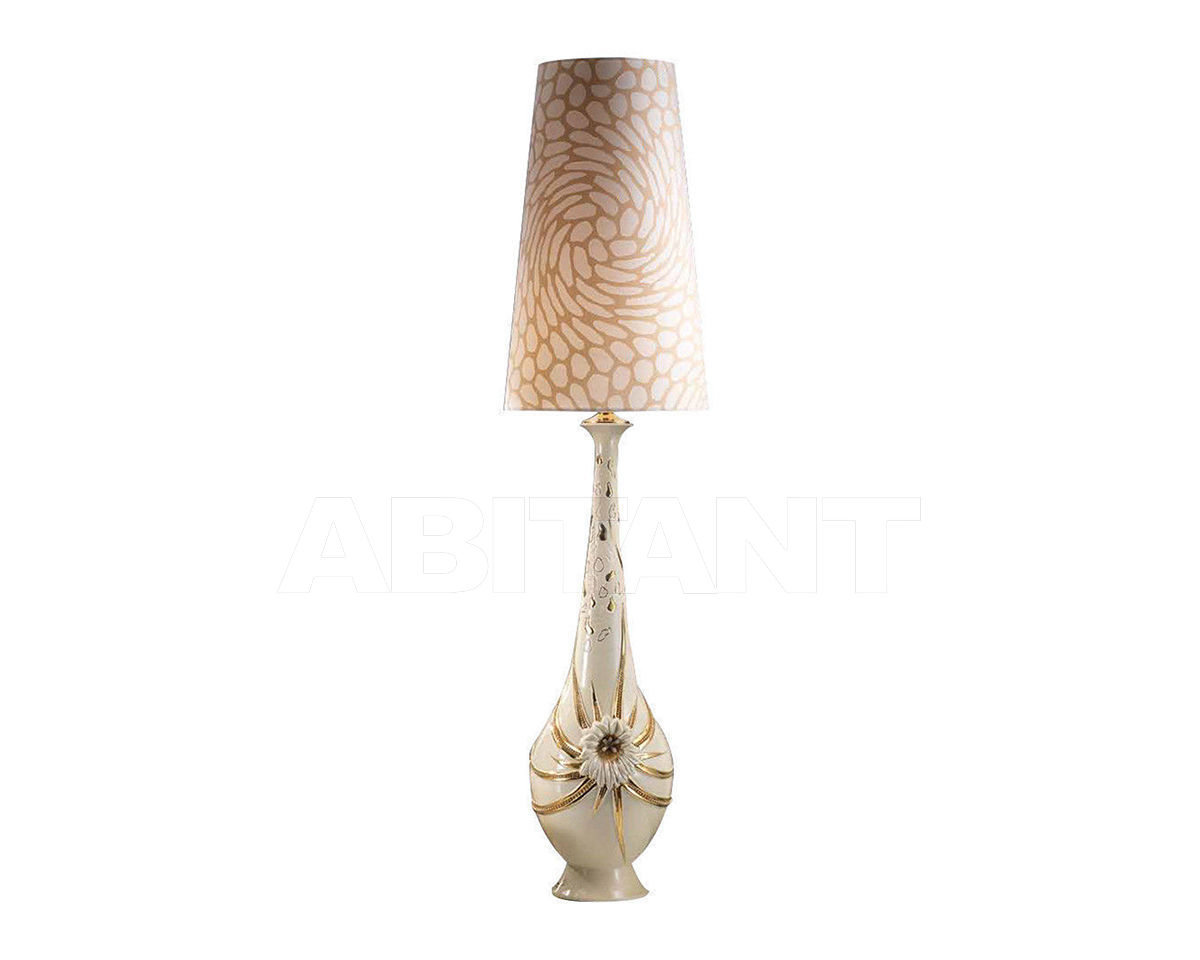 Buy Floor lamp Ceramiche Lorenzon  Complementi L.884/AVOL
--
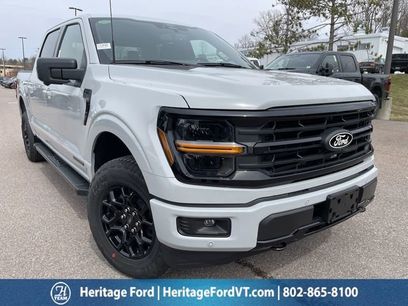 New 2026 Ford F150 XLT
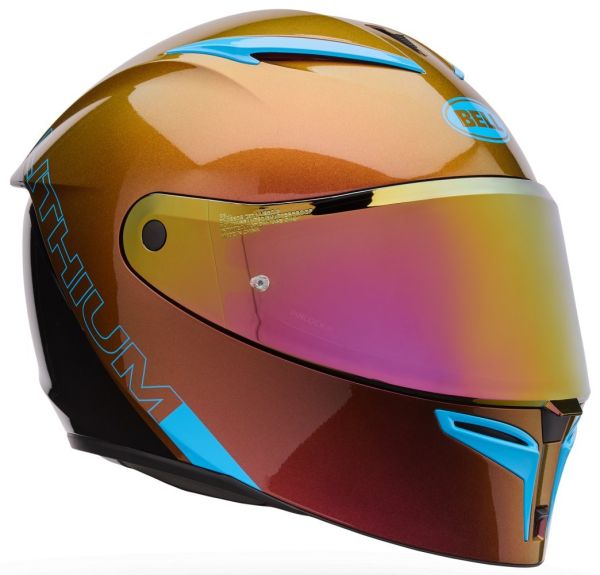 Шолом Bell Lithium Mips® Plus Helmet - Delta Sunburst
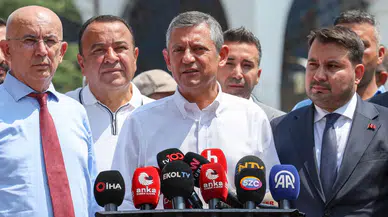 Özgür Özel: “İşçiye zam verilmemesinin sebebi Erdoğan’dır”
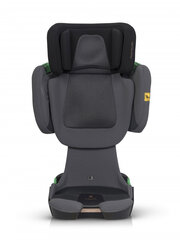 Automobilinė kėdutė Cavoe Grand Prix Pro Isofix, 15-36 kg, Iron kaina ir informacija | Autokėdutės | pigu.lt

* YOUR OBJECTIVE *
In the records above, find the line containing "zam verilmemesinin sebebi" and the line containing "Automobilinė kėdutė Cavoe", then give both of them again word for word along with every line between. Omit any pictures.

* SOLUTION FOR THIS TASK *
 Özgür Özel: “İşçiye zam verilmemesinin sebebi Erdoğan’dır”
 Automobilinė kėdutė Cavoe Grand Prix Pro Isofix, 15-36 kg, Iron kaina ir informacija | Autokėdutės | pigu.lt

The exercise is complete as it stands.